↓

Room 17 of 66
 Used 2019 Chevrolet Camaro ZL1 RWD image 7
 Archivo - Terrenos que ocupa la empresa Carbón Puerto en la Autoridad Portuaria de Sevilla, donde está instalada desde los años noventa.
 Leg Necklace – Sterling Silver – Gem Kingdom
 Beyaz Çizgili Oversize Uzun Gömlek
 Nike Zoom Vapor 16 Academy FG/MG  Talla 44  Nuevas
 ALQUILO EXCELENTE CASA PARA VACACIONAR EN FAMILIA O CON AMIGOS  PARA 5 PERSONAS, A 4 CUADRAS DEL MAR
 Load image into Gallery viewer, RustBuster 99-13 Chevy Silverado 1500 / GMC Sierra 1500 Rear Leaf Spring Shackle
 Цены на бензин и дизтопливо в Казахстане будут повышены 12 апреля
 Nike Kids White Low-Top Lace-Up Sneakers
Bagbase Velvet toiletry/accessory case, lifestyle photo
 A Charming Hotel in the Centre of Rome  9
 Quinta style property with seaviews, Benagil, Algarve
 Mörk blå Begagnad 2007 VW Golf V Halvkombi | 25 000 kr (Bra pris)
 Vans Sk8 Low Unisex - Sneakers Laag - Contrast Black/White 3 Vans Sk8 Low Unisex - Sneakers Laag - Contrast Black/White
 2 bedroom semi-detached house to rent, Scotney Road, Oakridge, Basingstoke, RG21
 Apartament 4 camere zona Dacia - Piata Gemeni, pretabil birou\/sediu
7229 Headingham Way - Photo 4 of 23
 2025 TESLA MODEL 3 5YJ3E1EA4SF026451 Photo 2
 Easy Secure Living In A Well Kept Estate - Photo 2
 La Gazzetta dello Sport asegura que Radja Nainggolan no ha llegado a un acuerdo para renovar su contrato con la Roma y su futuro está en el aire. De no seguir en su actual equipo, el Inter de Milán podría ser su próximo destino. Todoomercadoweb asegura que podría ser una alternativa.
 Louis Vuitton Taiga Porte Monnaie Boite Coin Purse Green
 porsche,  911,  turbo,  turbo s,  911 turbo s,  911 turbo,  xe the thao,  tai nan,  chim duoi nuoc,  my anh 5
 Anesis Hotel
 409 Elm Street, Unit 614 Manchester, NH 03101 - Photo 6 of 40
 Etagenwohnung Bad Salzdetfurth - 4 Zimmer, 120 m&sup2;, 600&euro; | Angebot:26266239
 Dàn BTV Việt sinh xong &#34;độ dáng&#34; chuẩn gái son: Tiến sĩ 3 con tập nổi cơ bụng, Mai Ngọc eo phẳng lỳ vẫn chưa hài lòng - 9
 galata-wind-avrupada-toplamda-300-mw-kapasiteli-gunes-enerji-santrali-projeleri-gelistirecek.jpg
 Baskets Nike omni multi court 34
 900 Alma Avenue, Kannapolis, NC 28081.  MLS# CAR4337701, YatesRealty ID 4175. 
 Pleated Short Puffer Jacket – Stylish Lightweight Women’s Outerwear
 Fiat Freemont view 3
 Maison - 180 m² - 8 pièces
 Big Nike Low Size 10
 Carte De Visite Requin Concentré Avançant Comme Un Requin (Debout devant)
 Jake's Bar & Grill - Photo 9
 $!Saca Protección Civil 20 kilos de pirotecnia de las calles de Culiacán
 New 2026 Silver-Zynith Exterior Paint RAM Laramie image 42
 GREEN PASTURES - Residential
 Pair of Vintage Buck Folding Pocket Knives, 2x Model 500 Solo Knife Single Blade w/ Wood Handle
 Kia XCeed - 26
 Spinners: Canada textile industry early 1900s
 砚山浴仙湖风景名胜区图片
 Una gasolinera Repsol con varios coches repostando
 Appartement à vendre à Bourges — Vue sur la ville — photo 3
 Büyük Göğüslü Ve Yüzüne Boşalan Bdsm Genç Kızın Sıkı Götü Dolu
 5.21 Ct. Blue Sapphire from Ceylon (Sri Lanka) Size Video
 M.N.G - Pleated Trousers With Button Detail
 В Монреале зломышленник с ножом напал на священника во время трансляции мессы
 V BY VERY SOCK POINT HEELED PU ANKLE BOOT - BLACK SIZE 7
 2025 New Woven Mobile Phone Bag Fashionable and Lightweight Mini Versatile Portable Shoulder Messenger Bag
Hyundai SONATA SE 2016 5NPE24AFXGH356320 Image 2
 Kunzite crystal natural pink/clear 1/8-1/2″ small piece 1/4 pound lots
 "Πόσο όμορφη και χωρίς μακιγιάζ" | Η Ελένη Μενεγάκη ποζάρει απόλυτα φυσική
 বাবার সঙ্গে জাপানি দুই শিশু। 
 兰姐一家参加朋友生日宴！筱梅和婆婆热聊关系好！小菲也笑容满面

↑

■ **PROBLEM TO SOLVE**
Retype every entry without changing anything.

■ **REPLY TO THE EXERCISE**
Room 17 of 66
 Used 2019 Chevrolet Camaro ZL1 RWD image 7
 Archivo - Terrenos que ocupa la empresa Carbón Puerto en la Autoridad Portuaria de Sevilla, donde está instalada desde los años noventa.
 Leg Necklace – Sterling Silver – Gem Kingdom
 Beyaz Çizgili Oversize Uzun Gömlek
 Nike Zoom Vapor 16 Academy FG/MG  Talla 44  Nuevas
 ALQUILO EXCELENTE CASA PARA VACACIONAR EN FAMILIA O CON AMIGOS  PARA 5 PERSONAS, A 4 CUADRAS DEL MAR
 Load image into Gallery viewer, RustBuster 99-13 Chevy Silverado 1500 / GMC Sierra 1500 Rear Leaf Spring Shackle
 Цены на бензин и дизтопливо в Казахстане будут повышены 12 апреля
 Nike Kids White Low-Top Lace-Up Sneakers
Bagbase Velvet toiletry/accessory case, lifestyle photo
 A Charming Hotel in the Centre of Rome  9
 Quinta style property with seaviews, Benagil, Algarve
 Mörk blå Begagnad 2007 VW Golf V Halvkombi | 25 000 kr (Bra pris)
 Vans Sk8 Low Unisex - Sneakers Laag - Contrast Black/White 3 Vans Sk8 Low Unisex - Sneakers Laag - Contrast Black/White
 2 bedroom semi-detached house to rent, Scotney Road, Oakridge, Basingstoke, RG21
 Apartament 4 camere zona Dacia - Piata Gemeni, pretabil birou\/sediu
7229 Headingham Way - Photo 4 of 23
 2025 TESLA MODEL 3 5YJ3E1EA4SF026451 Photo 2
 Easy Secure Living In A Well Kept Estate - Photo 2
 La Gazzetta dello Sport asegura que Radja Nainggolan no ha llegado a un acuerdo para renovar su contrato con la Roma y su futuro está en el aire. De no seguir en su actual equipo, el Inter de Milán podría ser su próximo destino. Todoomercadoweb asegura que podría ser una alternativa.
 Louis Vuitton Taiga Porte Monnaie Boite Coin Purse Green
 porsche,  911,  turbo,  turbo s,  911 turbo s,  911 turbo,  xe the thao,  tai nan,  chim duoi nuoc,  my anh 5
 Anesis Hotel
 409 Elm Street, Unit 614 Manchester, NH 03101 - Photo 6 of 40
 Etagenwohnung Bad Salzdetfurth - 4 Zimmer, 120 m&sup2;, 600&euro; | Angebot:26266239
 Dàn BTV Việt sinh xong &#34;độ dáng&#34; chuẩn gái son: Tiến sĩ 3 con tập nổi cơ bụng, Mai Ngọc eo phẳng lỳ vẫn chưa hài lòng - 9
 galata-wind-avrupada-toplamda-300-mw-kapasiteli-gunes-enerji-santrali-projeleri-gelistirecek.jpg
 Baskets Nike omni multi court 34
 900 Alma Avenue, Kannapolis, NC 28081.  MLS# CAR4337701, YatesRealty ID 4175. 
 Pleated Short Puffer Jacket – Stylish Lightweight Women’s Outerwear
 Fiat Freemont view 3
 Maison - 180 m² - 8 pièces
 Big Nike Low Size 10
 Carte De Visite Requin Concentré Avançant Comme Un Requin (Debout devant)
 Jake's Bar & Grill - Photo 9
 $!Saca Protección Civil 20 kilos de pirotecnia de las calles de Culiacán
 New 2026 Silver-Zynith Exterior Paint RAM Laramie image 42
 GREEN PASTURES - Residential
 Pair of Vintage Buck Folding Pocket Knives, 2x Model 500 Solo Knife Single Blade w/ Wood Handle
 Kia XCeed - 26
 Spinners: Canada textile industry early 1900s
 砚山浴仙湖风景名胜区图片
 Una gasolinera Repsol con varios coches repostando
 Appartement à vendre à Bourges — Vue sur la ville — photo 3
 Büyük Göğüslü Ve Yüzüne Boşalan Bdsm Genç Kızın Sıkı Götü Dolu
 5.21 Ct. Blue Sapphire from Ceylon (Sri Lanka) Size Video
 M.N.G - Pleated Trousers With Button Detail
 В Монреале зломышленник с ножом напал на священника во время трансляции мессы
 V BY VERY SOCK POINT HEELED PU ANKLE BOOT - BLACK SIZE 7
 2025 New Woven Mobile Phone Bag Fashionable and Lightweight Mini Versatile Portable Shoulder Messenger Bag
Hyundai SONATA SE 2016 5NPE24AFXGH356320 Image 2
 Kunzite crystal natural pink/clear 1/8-1/2″ small piece 1/4 pound lots
 "Πόσο όμορφη και χωρίς μακιγιάζ" | Η Ελένη Μενεγάκη ποζάρει απόλυτα φυσική
 বাবার সঙ্গে জাপানি দুই শিশু। 
 兰姐一家参加朋友生日宴！筱梅和婆婆热聊关系好！小菲也笑容满面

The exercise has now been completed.